London-based Aon reported Oct. 27 its third-quarter financial results. Total revenue was $2.34 billion, compared to $2.2 billion in Q3 2016, while net income was $192 million in the latest quarter, down from $326 million in the prior-year Q3.
During the first nine months of 2017, Aon recorded $257 million in workforce reduction costs.
A global restructuring plan, in connection with the sale of divested businesses, “is intended to streamline operations across the organization and deliver greater efficiency, insight, and connectivity,” Aon reported adding it “expects these restructuring activities and related expenses to affect continuing operations through 2019, including an estimated 2,400 to 2,850 role eliminations.”
Cumulative costs are forecast at $750 million through the end of the plan, “consisting of approximately $303 million in employee termination costs, $146 million in technology rationalization costs, $80 million in lease consolidation costs, $40 million in asset impairments, and $181 million in other costs, including certain separation costs associated with the sale of the Divested Business,” Aon said.
Aon said in February it has about 69,000 workers worldwide, of whom about 33,000 were in risk solutions.
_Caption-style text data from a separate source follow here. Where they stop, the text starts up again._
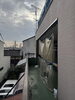 Before「🏠 2階ベランダを、もっと使いやすく」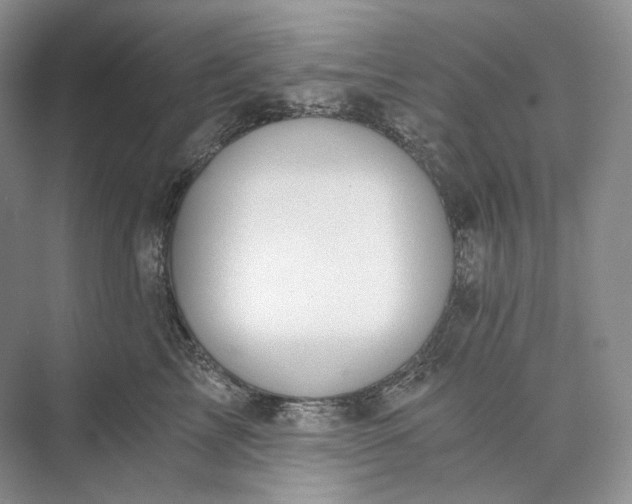 X0000073490713200608140842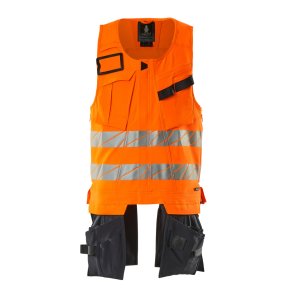 19589-711 Vrktjsvest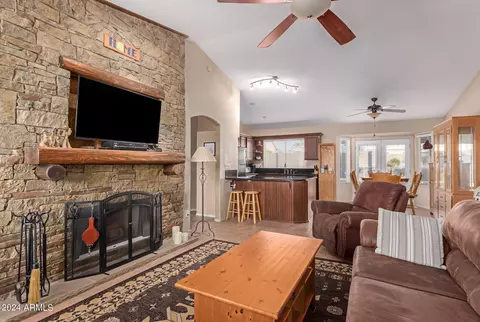 6323 E Quartz St, Mesa, AZ 85215 photo 4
In risk solutions, Aon places commercial insurance, including property liability, general liability, professional and directors’ and officers’ liability, transaction liability, cyber liability and workers’ compensation, among others. Aon also places reinsurance and provides capital management transaction and advisory services. In human resources solutions, Aon provides health, retirement and talent management products.
During the most recent quarter, Aon recorded revenues of $355 million in reinsurance solutions, up 7.9% from $329 million in the same period in 2016. Data analytics revenue increased 11.1%, from $260 million in Q3 2016 to $289 million in the latest quarter.
For the first nine month of the year, commercial risk solutions revenue increased from $2.835 billion last year to $2.943 billion in 2017. Reinsurance solutions revenue increased, year-to-date, from $1.032 billion in 2016 to $1.07 billion in 2017, while data analytics revenue for the first nine months was $842 million in 2017, compared to $794 million 2016.
Net income for the first nine months was $1.275 billion this year, up from $971 million in 2016 while Aon’s total revenue was $7.1 billion in the first nine months of this year compared to $6.76 billion in the same period in 2016.
Aon separately announced Nov. 1 it completed its acquisition of Unirobe Meeùs Groepa, a brokerage based in The Netherlands, for 295 million euros.
Other recent acquisitions by Aon include Australian commercial brokerage Mark Kelly Insurance and Financial Services PTY LTD, completed Aug. 31, and market research firm Finaccord Limited, completed March 3. On May 2, 2017, Aon “completed the transaction to acquire cut-e Assessment Global Holdings Limited, a high-volume online psychometric assessments provider based in Ireland,” Aon noted in its Q3 financial report.